The equity market remains valued at nearly double its historical norms on reliable measures of valuation (though numerous unreliable alternatives can be sought if one seeks comfort rather than reliability). The same measures that indicated that the S&P 500 was priced in 2009 to achieve 10-14% annual total returns over the next decade presently indicate estimated 10-year nominal total returns of only about 2.7% annually. That’s up from about 2.3% annually last week, which is about the impact that a 4% market decline would be expected to have on 10-year expected returns. I should note that sentiment remains wildly bullish (55% bulls to 19% bears, record margin debt, heavy IPO issuance, record “covenant lite” debt issuance), and fear as measured by option volatilities is still quite contained, but “tail risk” as measured by option skew remains elevated. In all, the recent pullback is nowhere near the scale that should be considered material. What’s material is the extent of present market overvaluation, and the continuing breakdown in market internals we’re observing. Remember – most market tops are not a moment but a process.
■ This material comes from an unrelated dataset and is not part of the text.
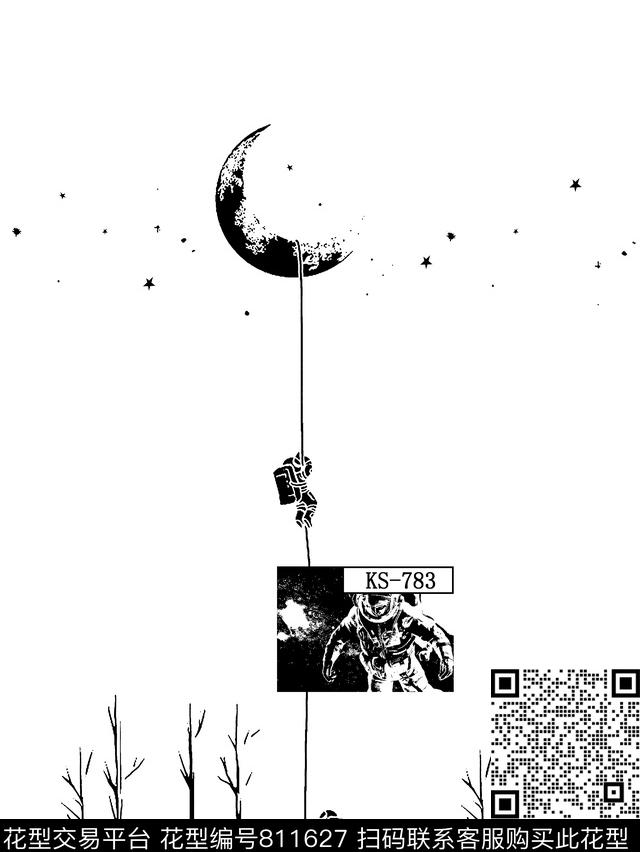 宇航员月亮男装T恤华亿平台传统印花华亿平台下载（图片编号: 811627） - 瓦栏（Walan）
Plunges and spikes of several percent in either direction are typically forgettable and irrelevant in the context of the fluctuations that occur over the complete cycle.
The Iron Law of Valuation is that every security is a claim on an expected stream of future cash flows, and given that expected stream of future cash flows, the current price of the security moves opposite to the expected future return on that security. Particularly at market peaks, investors seem to believe that regardless of the extent of the preceding advance, future returns remain entirely unaffected. The repeated eagerness of investors to extrapolate returns and ignore the Iron Law of Valuation has been the source of the deepest losses in history.
A corollary to the Iron Law of Valuation is that one can only reliably use a “price/X” multiple to value stocks if “X” is a sufficient statistic for the very long-term stream of cash flows that stocks are likely to deliver into the hands of investors for decades to come. Not just next year, not just 10 years from now, but as long as the security is likely to exist. Now, X doesn’t have to be equal to those long-term cash flows – only proportional to them over time (every constant-growth rate valuation model relies on that quality). If X is a sufficient statistic for the stream of future cash flows, then the price/X ratio becomes informative about future returns. A good way to test a valuation measure is to check whether variations in the price/X multiple are closely related to actual subsequent returns in the security over a horizon of 7-10 years.